§ What you need to do:
In the records below, find the line holding "Ocolast cover art" and the line holding "Vase d'expansion CITROEN". Set down both, with every line between them, exactly.
[[ Material provided open ]]
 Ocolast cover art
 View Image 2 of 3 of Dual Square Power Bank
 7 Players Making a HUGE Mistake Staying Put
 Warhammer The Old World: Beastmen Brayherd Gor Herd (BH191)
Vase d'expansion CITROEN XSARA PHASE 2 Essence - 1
[[ Material provided closed ]]
[[ Material provided open ]]
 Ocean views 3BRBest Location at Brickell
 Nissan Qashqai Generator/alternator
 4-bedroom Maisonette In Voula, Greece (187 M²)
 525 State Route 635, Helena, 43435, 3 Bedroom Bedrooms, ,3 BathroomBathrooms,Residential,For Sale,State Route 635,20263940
[[ Material provided closed ]]
§ Exercise solution:
 Ocolast cover art
 View Image 2 of 3 of Dual Square Power Bank
 7 Players Making a HUGE Mistake Staying Put
 Warhammer The Old World: Beastmen Brayherd Gor Herd (BH191)
Vase d'expansion CITROEN XSARA PHASE 2 Essence - 1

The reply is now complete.